** RECORDS follows **
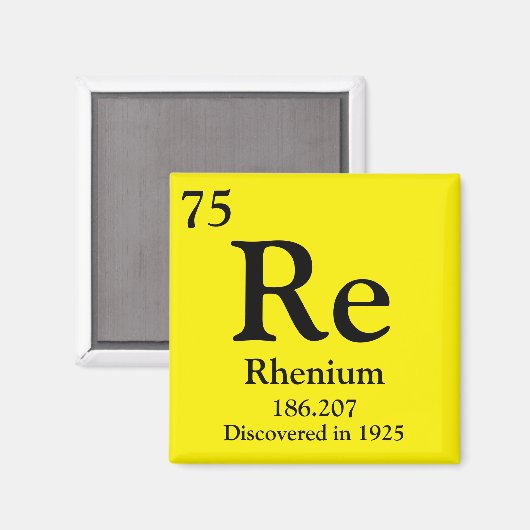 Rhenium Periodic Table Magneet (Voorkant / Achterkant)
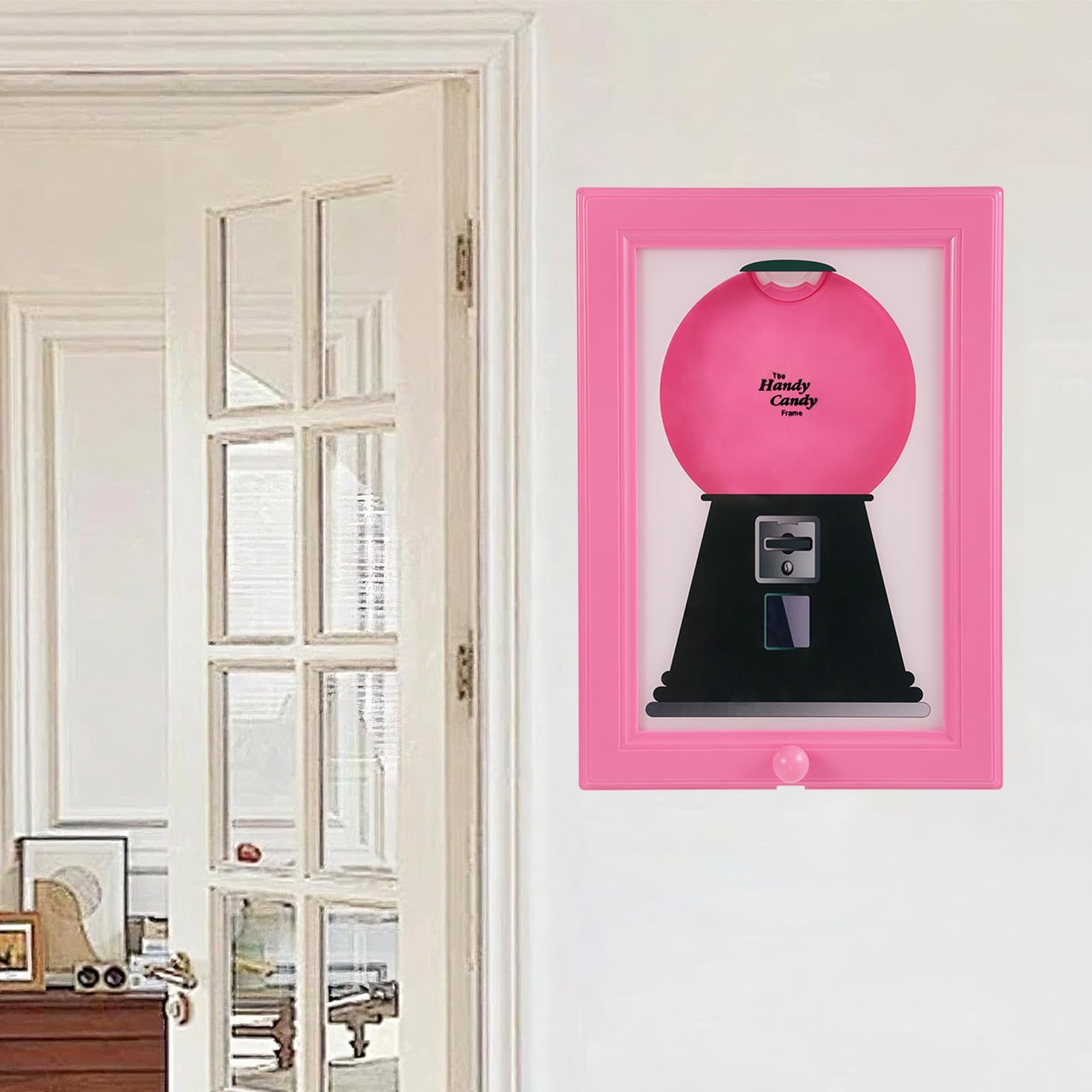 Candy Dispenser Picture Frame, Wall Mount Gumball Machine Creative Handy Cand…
** End of RECORDS **
** RECORDS follows **
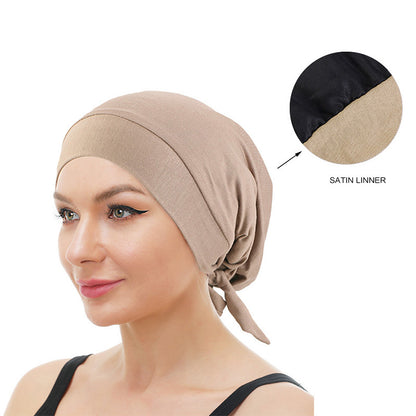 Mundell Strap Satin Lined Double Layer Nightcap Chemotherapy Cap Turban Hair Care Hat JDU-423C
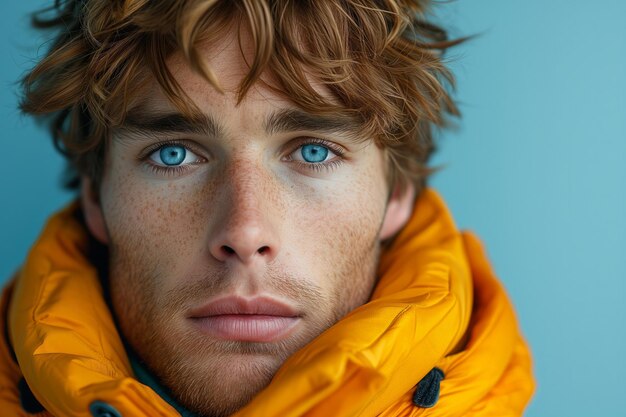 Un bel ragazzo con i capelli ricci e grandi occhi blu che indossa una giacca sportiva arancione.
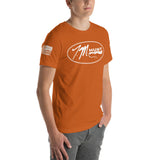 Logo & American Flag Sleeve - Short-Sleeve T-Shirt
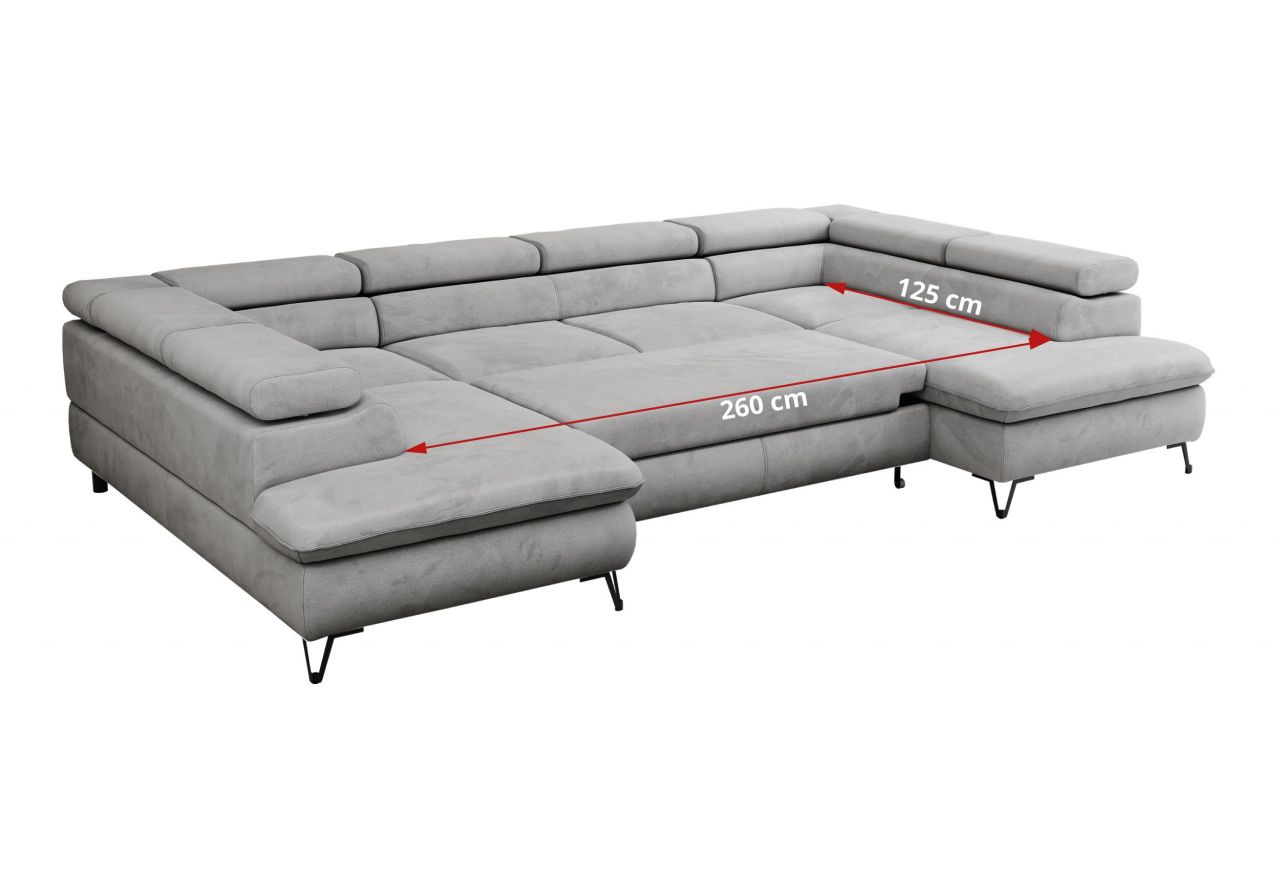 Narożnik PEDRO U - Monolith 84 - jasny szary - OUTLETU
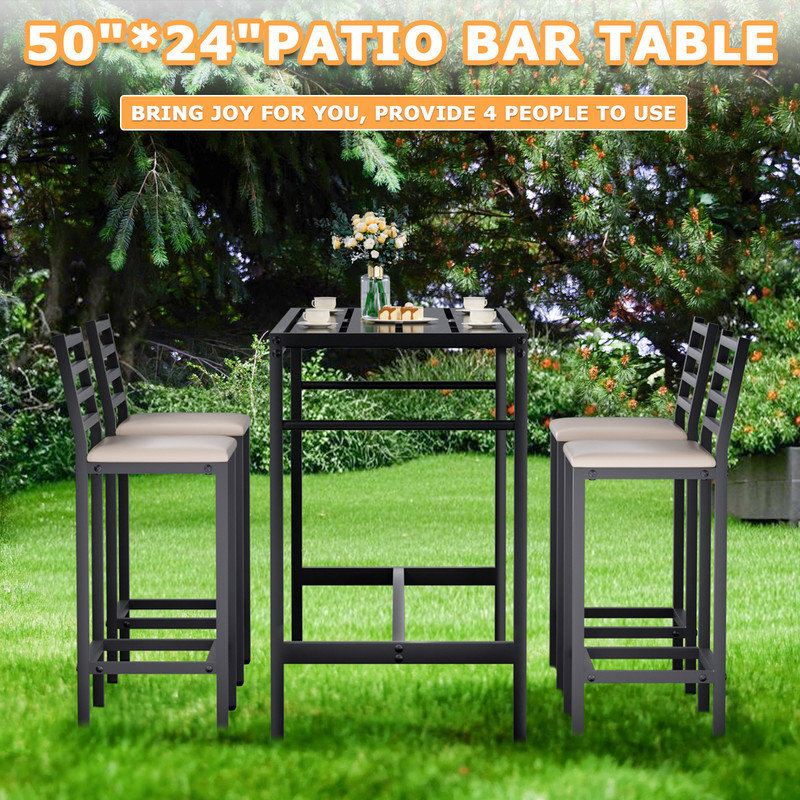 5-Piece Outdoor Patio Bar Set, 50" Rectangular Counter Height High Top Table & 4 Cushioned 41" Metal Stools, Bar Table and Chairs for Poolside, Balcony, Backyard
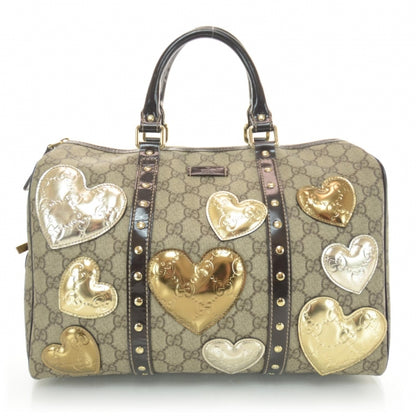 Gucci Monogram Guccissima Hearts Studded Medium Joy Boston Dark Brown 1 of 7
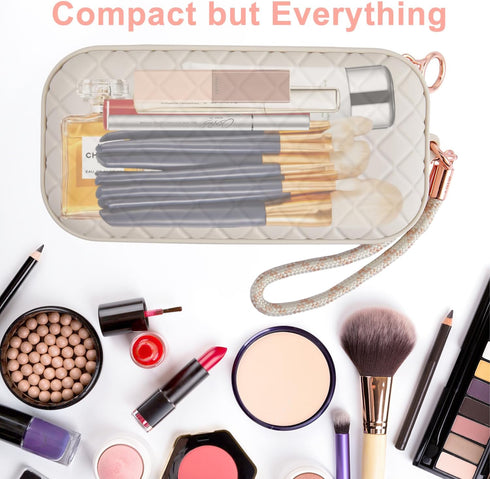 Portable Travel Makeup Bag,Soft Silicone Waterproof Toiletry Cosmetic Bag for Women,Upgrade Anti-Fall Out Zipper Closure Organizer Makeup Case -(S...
** End of RECORDS **
** WHAT YOU ARE ASKED TO DO **
In the entries above, find the line that contains "Rhenium Periodic Table" and the line that contains "Candy Dispenser Picture". Reproduce exactly those two lines and every line between them, but not the pictures.

** SOLVED EXERCISE **
 Rhenium Periodic Table Magneet (Voorkant / Achterkant)
 Candy Dispenser Picture Frame, Wall Mount Gumball Machine Creative Handy Cand…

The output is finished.